Author of Counseling One Another
Interview by Fred Zaspel of Books at Glance
Books At a Glance (Fred Zaspel):
The first thing that struck me when I opened the book is that in your title – Counseling One Another – you intend something more than we may catch at first glance. Explain your title for us. What is your book all about?
This book is about biblical discipleship. It’s that simple. The ministry of counseling has too often been relegated to the professional outside the church because we don’t understand what discipleship entails. This is not to say there is no need or place for the professional counselor; however, the lion’s share of this personal ministry can and should be done as part of the natural function of a body of believers growing in grace and truth, together. I prefer to call counseling “intensive discipleship.” It is an expression of biblical love to come alongside one another when we are struggling with our faith, are suffering, or are losing the battle against the power of indwelling sin. Hence, the subtitle: A theology of inter-personal discipleship.
Okay, unpack that for us just a bit. You don’t mean that every Christian should set up a counseling office and hang out a shingle. What does “counseling one another” look like?
Counseling one another looks like every one of us always being in the process of moving toward maturity in Christ, ourselves, which includes learning to speak the truth in love to one another. As we minister the truth of the Word of God to one another in an atmosphere of genuine concern, as an extension of grace, we make progress in our sanctification. Yes, we each have responsibility for our own spiritual growth; however, we also have responsibility for one another. Sanctification truly is a community effort that is lived out in relationship with others.
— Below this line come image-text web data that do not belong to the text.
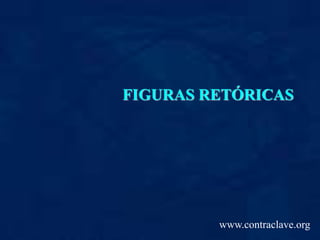 FIGURAS RETÓRICAS 
www.contraclave.org 
 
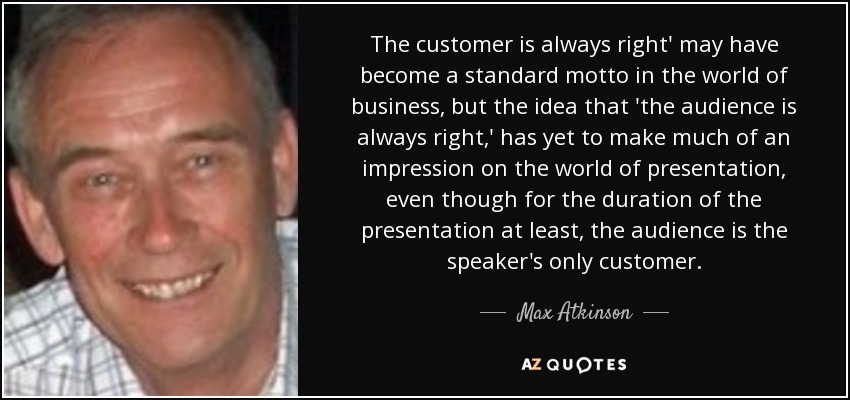The customer is always right' may have become a standard motto in the world of business, but the idea that 'the audience is always right,' has yet to make much of an impression on the world of presentation, even though for the duration of the presentation at least, the audience is the speaker's only customer. - Max Atkinson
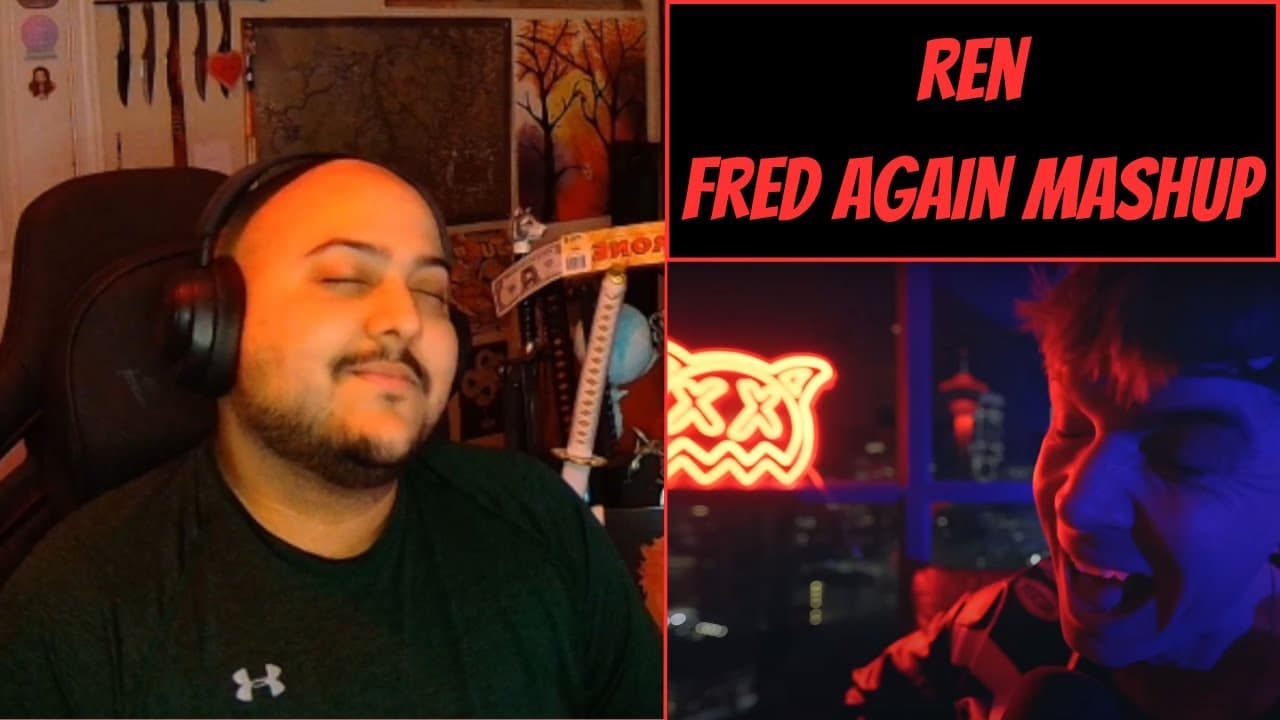 Ren: Fred Again Mashup [Reaction] - He Could Sing Me The Phonebook for All I Care!!!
Let’s take it a bit further. First, what is a disciple?
A disciple is one who follows another’s teaching. Therefore, a disciple of Jesus Christ is not merely one who confesses Christ, though that certainly is true (Rom. 10:9), but one who intentionally attaches him- or herself to Him and adheres, or submits, to His commands as the new standard for living, and consequently becomes like Him. A disciple of Jesus Christ is one who is committed to a lifelong process of growing in obedience to his Master’s commands and, by doing so, becomes like Him.
And what is discipleship?
Jesus’ command to His followers was nothing short of a mission of spiritual reproduction. The verb form of mathetes means “to instruct with the purpose of making a disciple. Matheteuo must be distinguished from the verb matheo (which is not found in the NT), which simply means to learn without any attachment to the teacher who teaches. Matheteuo means not only to learn but to become attached to one’s teacher and to become his follower in doctrine and conduct.” In other words, the task of the church is to lead others not merely to acknowledge the Son of God as having come in the flesh in the person of Jesus Christ (though that is an essential point in a doctrinal system that is truly biblical; see 1 John 4:2–3), but to lead them to become submissive Christ-followers. Therefore, the church must take the initiative to pursue a biblical approach to ministry that involves training believers to reproduce themselves spiritually in the lives of others.